Using A Coach to Help Align Herself with Her Goals
Elana put this idea on hold after connecting with a life coach who advised her she didn’t need advanced education to propel her goals, and together they explored alternative avenues. Elana reflected on how much she loved her time abroad in college and her fascination with Eastern Europe. She had been itching to return, and the timing, she decided, was now right.
She packed her belongings in storage, quit her job at the nonprofit, and took off to a small Russian town to teach English, with just a little savings in tow. Elana’s posting ran for six weeks, after which she spent the next several months frugally traveling across a dozen European countries.
After exhausting her funds, Elana returned to Charlotte and immediately reached out to her previous employer. They took her back on in a new opening, where she recruited and managed the relationships with healthcare providers.
Elana gave the nonprofit one final year in this role, before determining she was now ready for graduate school. She felt this was the best path forward in advancing her career prospects and exploring her numerous interests. She considered pursuing public health, public policy, public administration, urban planning, or an MBA, ultimately heading back west to the University of California, Berkeley’s Haas School of Business. “I decided that I’m more of a generalist than a specialist, and that having an MBA would allow me more opportunities and higher salary potential. And the coursework would be things I hadn’t done before. And then if I had an MBA, I could go into any of those industries with a business bend.”
While studying, she worked for Janssen Pharmaceuticals, a subsidiary of Johnson & Johnson, as a marketing intern. Upon graduation, she took a role as a customer success manager at an ed-tech startup. Elana loved the customer relationship aspect of the job but struggled with the growing and shifting administrative demands. When the company restructured and issued mass layoffs, she was relieved to be included and saw it as an opportunity to find something better suited to her interests and goals.
A Whitman networking event led her to reconnect with an old classmate, who looped Elana in on an opening for a product marketing manager at Adobe.
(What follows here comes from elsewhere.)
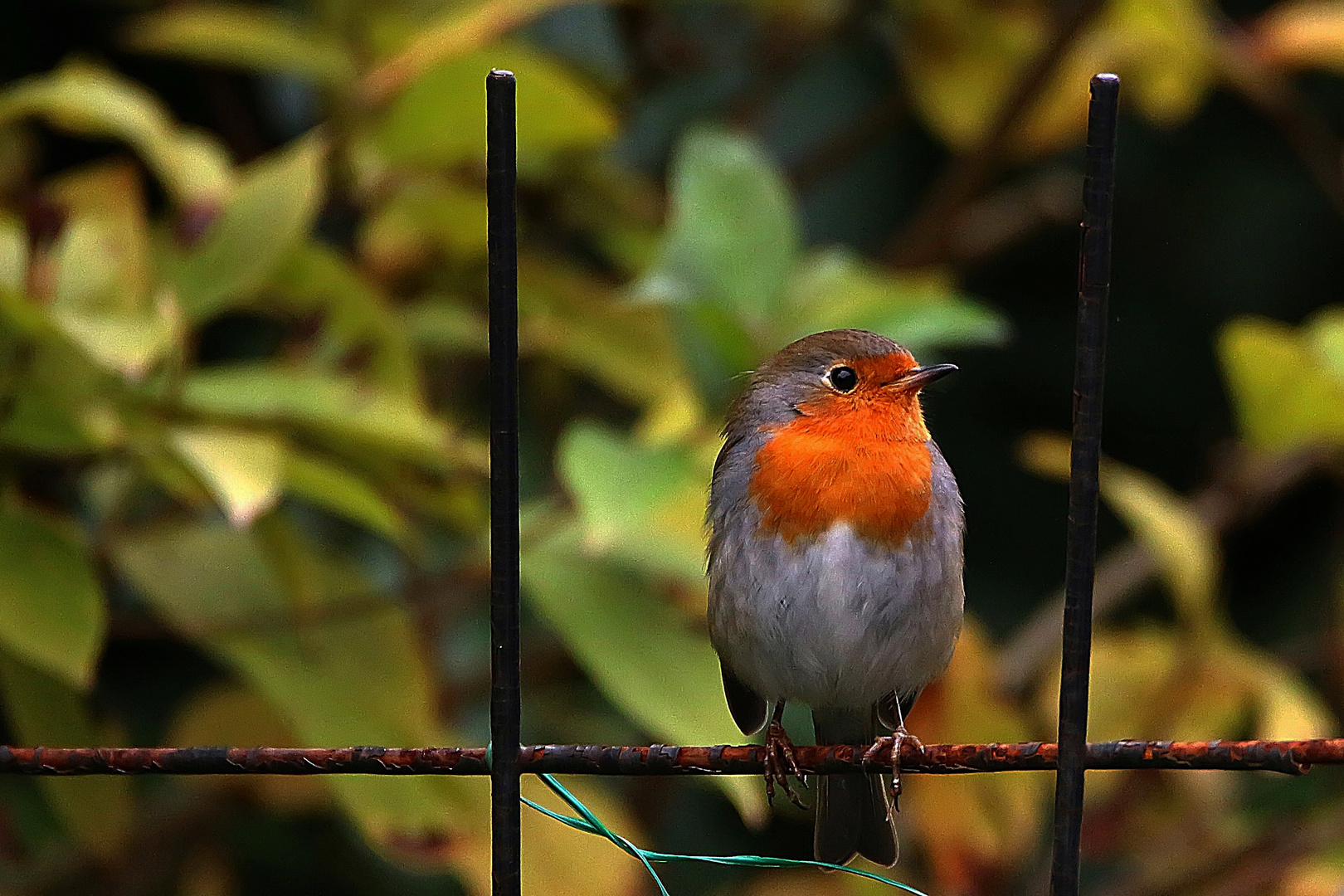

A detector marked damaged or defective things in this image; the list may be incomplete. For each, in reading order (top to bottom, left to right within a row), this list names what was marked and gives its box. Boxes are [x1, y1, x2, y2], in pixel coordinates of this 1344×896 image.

It was a contracted position they were trying to backfill and not advertising online. The position was the perfect blend of technology, education, and marketing.
Elana has now been with Adobe for almost three years and possesses relaxed confidence in her role and in her overall value to the company. She knows she’s effective at communicating the product’s impact and supporting its creative use in classrooms. At times, though, she’s felt stuck relying on their go-to branding. Elana doesn’t just want to be a steady team player, she wants to try to push herself to emerge as a creative leader to evolve the vision of the product. It’s the attitude she would have wanted her younger self to adopt; to dream big and believe she can do anything. Elana’s a bit more realistic these days, but if she can imagine it, her track record shows it’s well within reach.